Da una parte qualcuno sostiene che si debba garantire a tutti un minimo vitale per soddisfare i propri bisogni, dall’altra parte si richiede che ad ogni forma di lavoro sia dato un livello dignitoso di garanzie
Andrea
CASAVECCHIA
Pare che il dibattito sulle tutele del lavoro stia cambiando gli argomenti delle questioni: perde quota il binomio stabilità – flessibilità, mentre acquista interesse il binomio garanzia di un reddito di cittadinanza e reddito da lavoro. Prima di esprimere una posizione tra le due opinioni, sembra opportuno evidenziare l’importanza dello spostamento, perché implica cambiamenti nella struttura sociale.
Il primo binomio mette al centro il lavoro: da una parte si posizionano i sostenitori della tutela di un “posto” preferibilmente fisso, a tempo indeterminato, perché ogni lavoratore possa godere attraverso il suo operato un reddito che gli permetta di soddisfare i propri bisogni e i bisogni della propria famiglia.
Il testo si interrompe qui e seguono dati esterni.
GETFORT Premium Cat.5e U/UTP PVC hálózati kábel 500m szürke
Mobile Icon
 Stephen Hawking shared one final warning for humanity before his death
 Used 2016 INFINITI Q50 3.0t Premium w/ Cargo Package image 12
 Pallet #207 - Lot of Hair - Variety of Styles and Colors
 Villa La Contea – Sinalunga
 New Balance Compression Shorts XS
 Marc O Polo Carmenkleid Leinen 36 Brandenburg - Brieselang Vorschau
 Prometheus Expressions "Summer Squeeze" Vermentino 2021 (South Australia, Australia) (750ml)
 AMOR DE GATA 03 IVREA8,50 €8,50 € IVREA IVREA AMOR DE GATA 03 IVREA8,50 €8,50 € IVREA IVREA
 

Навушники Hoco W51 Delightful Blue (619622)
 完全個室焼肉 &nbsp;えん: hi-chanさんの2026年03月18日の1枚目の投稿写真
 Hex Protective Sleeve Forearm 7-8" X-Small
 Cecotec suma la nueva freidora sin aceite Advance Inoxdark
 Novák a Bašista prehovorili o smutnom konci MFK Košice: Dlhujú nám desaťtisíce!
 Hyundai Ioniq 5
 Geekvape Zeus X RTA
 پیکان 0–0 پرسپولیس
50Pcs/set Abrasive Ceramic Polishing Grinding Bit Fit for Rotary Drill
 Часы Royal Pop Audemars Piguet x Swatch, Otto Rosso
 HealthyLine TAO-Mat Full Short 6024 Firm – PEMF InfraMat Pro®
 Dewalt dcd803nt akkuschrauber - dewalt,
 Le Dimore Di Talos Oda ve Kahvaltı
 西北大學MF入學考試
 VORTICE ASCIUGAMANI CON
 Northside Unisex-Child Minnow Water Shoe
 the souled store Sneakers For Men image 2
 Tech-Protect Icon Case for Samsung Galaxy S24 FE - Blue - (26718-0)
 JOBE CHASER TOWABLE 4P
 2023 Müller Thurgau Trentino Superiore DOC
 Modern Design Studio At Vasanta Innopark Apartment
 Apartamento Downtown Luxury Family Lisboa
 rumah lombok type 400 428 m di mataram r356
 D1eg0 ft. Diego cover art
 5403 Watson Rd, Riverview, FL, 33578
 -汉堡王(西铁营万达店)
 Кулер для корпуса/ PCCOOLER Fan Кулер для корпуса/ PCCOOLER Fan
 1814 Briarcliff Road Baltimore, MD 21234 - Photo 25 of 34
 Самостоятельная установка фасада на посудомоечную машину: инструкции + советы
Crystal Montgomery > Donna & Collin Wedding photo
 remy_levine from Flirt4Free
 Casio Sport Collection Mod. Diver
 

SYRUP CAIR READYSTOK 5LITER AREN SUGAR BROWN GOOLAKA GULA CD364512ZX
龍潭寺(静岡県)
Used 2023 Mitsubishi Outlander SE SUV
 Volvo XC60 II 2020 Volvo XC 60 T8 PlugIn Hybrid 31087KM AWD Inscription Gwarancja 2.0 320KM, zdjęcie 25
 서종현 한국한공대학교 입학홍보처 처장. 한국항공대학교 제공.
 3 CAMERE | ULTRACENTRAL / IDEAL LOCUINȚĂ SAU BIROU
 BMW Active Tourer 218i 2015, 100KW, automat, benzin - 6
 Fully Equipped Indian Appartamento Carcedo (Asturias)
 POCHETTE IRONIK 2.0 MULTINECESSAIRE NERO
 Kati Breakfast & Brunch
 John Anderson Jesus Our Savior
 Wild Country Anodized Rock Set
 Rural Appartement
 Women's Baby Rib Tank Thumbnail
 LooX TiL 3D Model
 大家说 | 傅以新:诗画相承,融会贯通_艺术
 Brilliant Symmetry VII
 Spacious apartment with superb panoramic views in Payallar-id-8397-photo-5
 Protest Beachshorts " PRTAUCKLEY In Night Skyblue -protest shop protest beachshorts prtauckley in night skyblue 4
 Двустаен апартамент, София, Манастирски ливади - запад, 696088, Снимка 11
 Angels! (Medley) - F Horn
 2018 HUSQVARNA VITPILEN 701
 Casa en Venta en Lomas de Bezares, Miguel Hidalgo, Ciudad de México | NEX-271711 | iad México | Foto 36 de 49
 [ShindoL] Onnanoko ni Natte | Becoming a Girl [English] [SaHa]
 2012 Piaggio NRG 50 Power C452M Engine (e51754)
Dall’altra parte si collocano i sostenitori della flessibilità che sottolineano l’importanza per l’azienda di poter aumentare o diminuire la manodopera alle sue dipendenze per rispondere alle esigenze del mercato. Dentro questo binomio il valore del lavoro è soprattutto determinato in base al tempo passato sulla postazione che sia quella di una catena di montaggio o di una scrivania, dietro la cassa di un supermercato o il bancone di un bar. Una forte quota dell’occupazione era assorbita dalla domanda delle grandi fabbriche e dagli uffici pubblici: impiegati e operai costituivano la maggioranza delle forze lavoro, e sulle loro tipologie contrattuali si ispiravano le altre. Poi c’erano dirigenti e liberi professionisti che completavano il quadro. Bisogna riconoscere che questo sistema, in cui una grande porzione della popolazione attiva lavorava, ha garantito un buon livello di benessere nella società dei consumi di massa.
Il secondo binomio: reddito di cittadinanza e reddito da lavoro sposta il dibattito su una questione differente. Da una parte qualcuno sostiene che si debba garantire a tutti un minimo vitale per soddisfare i propri bisogni, dall’altra parte si richiede che ad ogni forma di lavoro sia dato un livello dignitoso di garanzie e tutele. Dietro le differenti posizioni da tutelare, c’è l’emergere di un sistema differente nel quale l’introduzione di continue innovazioni tecnologiche ha ridotto l’esigenza di grandi numeri di dipendenti nelle strutture che prima assorbivano la maggioranza della forza lavoro, ora sostituibile da robot connessi in rete. Si tratta di comprendere se le due posizioni sono una risposta possibile all’espulsione di un forte gruppo di lavoratori dal mondo produttivo.
Se però lavorare significa contribuire a costruire società, indirizzare le persone a riscuotere un minimo vitale appare un modo per continuare a escluderle. D’altro canto appare evidente che dentro un sistema dove le forme lavorative appaiono più volubili e a volte diventano attività, non è sufficiente garantire un lavoro dignitosamente retribuito per un tempo più o meno congruo. Molto probabilmente accanto alla costruzioni di tutele contrattuali andranno incentivati investimenti per generare nuove forme di lavoro e allo stesso tempo bisognerebbe bilanciare una garanzia del minimo vitale con le opportunità di intraprendere una nuova occupazione.